### Problem description:
Output the first line of the listing and each line after it, up to and including the line that contains "2023 Mitsubishi Outlander Sport LE 4WD", exactly as written, minus the pictures.

### Data records:

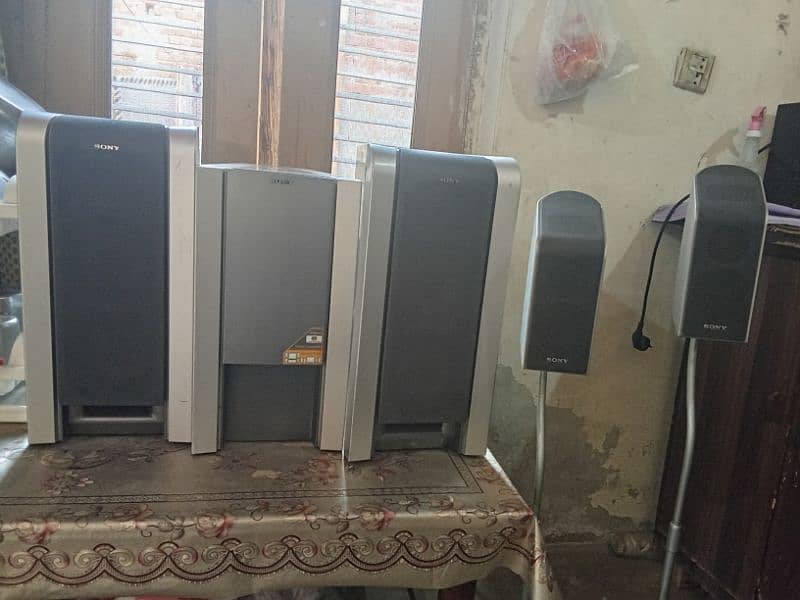 Audio and video sapikar 5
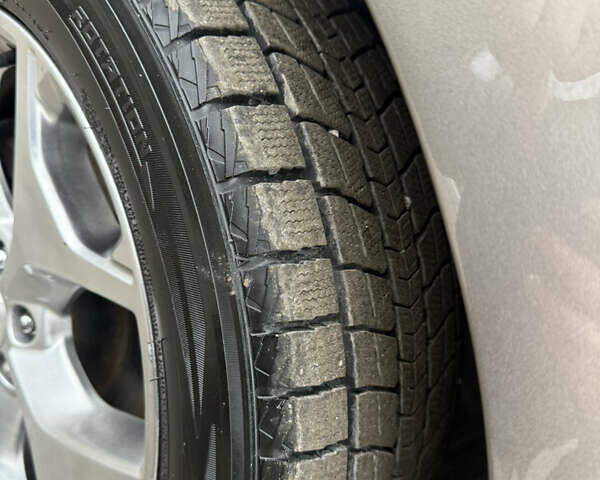 Коричневый Субару Форестер, объемом двигателя 2.5 л и пробегом 59 тыс. км за 19400 $, фото 25 на Automoto.ua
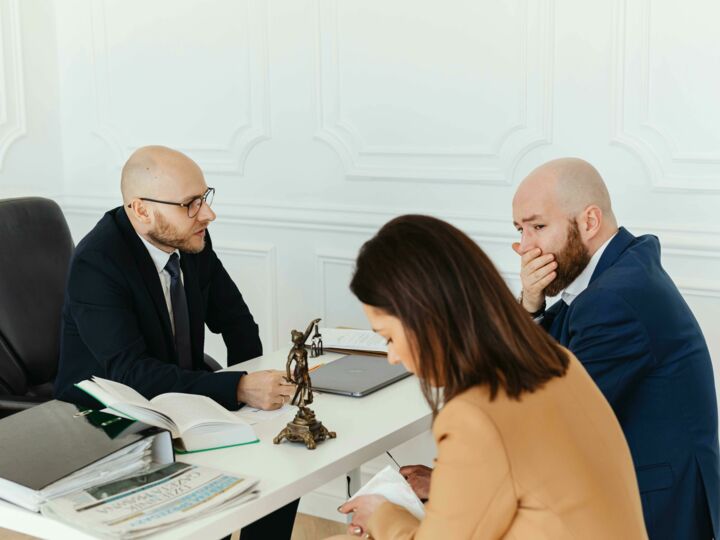 Peut-on obtenir une prestation compensatoire à la suite d'un divorce ?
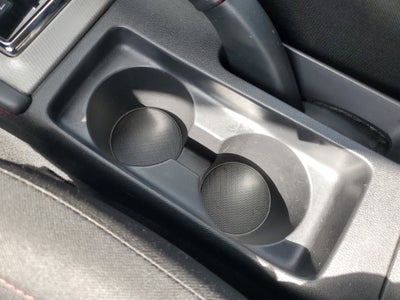 2023 Mitsubishi Outlander Sport LE 4WD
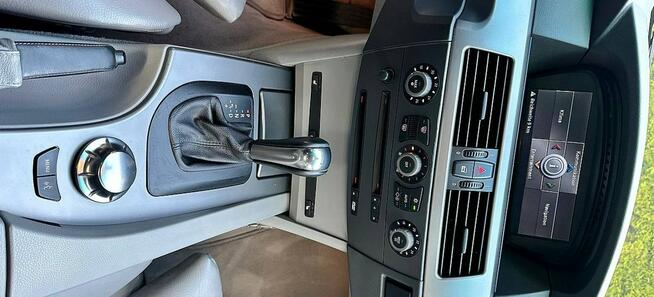 BMW E60 530i m54b30 231KM Automat Komforty Full Sedan Piękny Stan Wrocław - zdjęcie 10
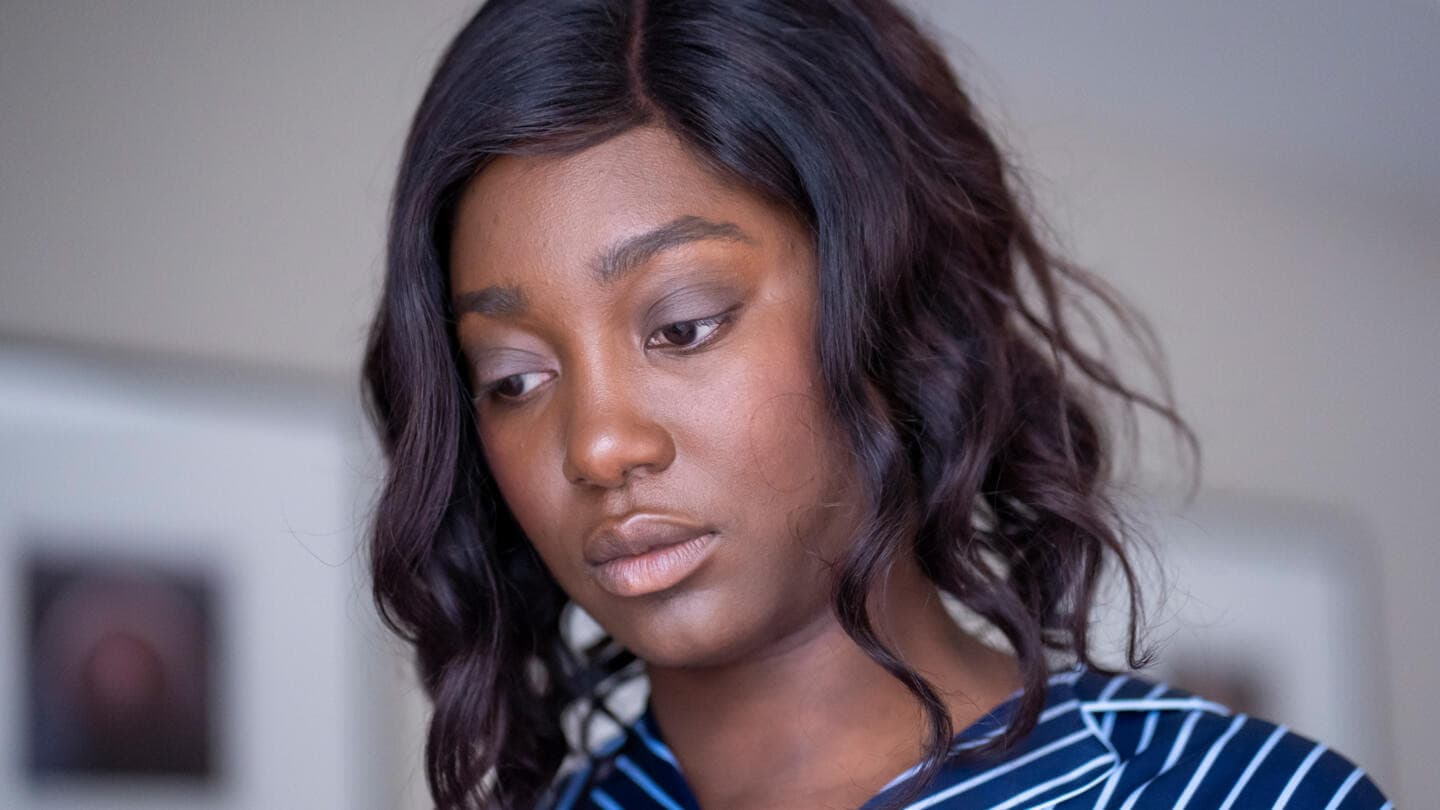 Poster backdrop for Beware of the Midwife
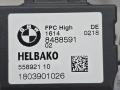 блок управления топливным насосом BMW 5 серия G30/G31 G30 2018, 2.0 л., B48 B20 A, бензин, АКПП, a96 mineral-weiss metallic, седан, задний привод, правый руль, 16148488591, 8488591 - фото №8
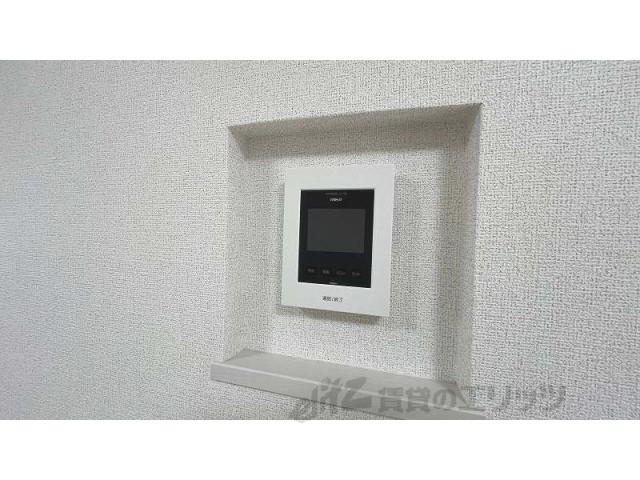 セキュリティ　ドアフォン（ＴＶ含）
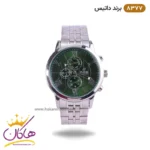 ساعت داتیس مردانه بند استیل مدل 8377 | Datis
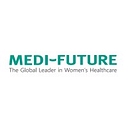 MEDI-FUTURE logo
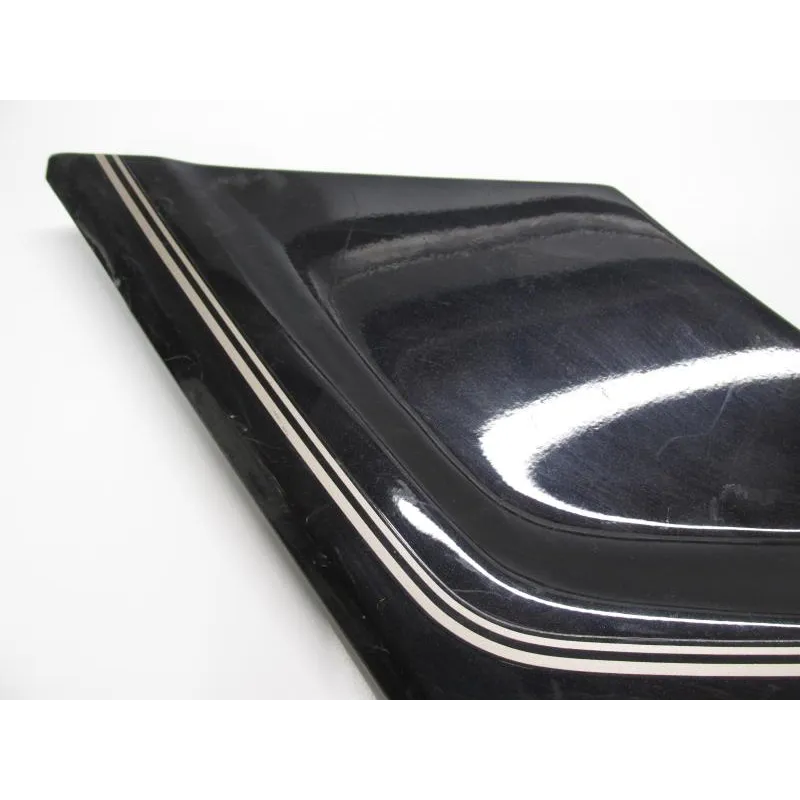Cache lateral gauche HONDA VFR F 750 1988-1989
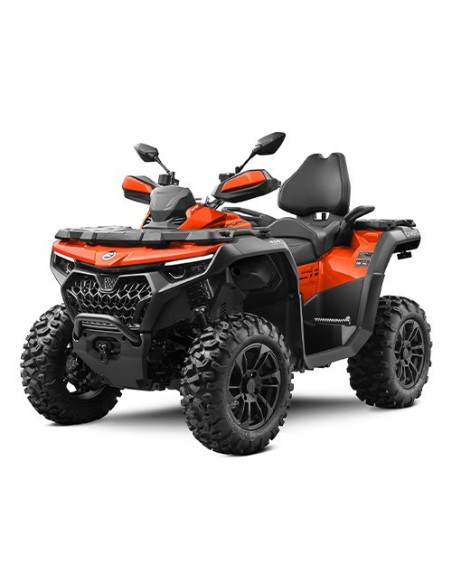 CFMOTO CFORCE 850 X8 Touring EPS T3b '25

### Task answer:
 Audio and video sapikar 5
 Коричневый Субару Форестер, объемом двигателя 2.5 л и пробегом 59 тыс. км за 19400 $, фото 25 на Automoto.ua
 Peut-on obtenir une prestation compensatoire à la suite d'un divorce ?
 2023 Mitsubishi Outlander Sport LE 4WD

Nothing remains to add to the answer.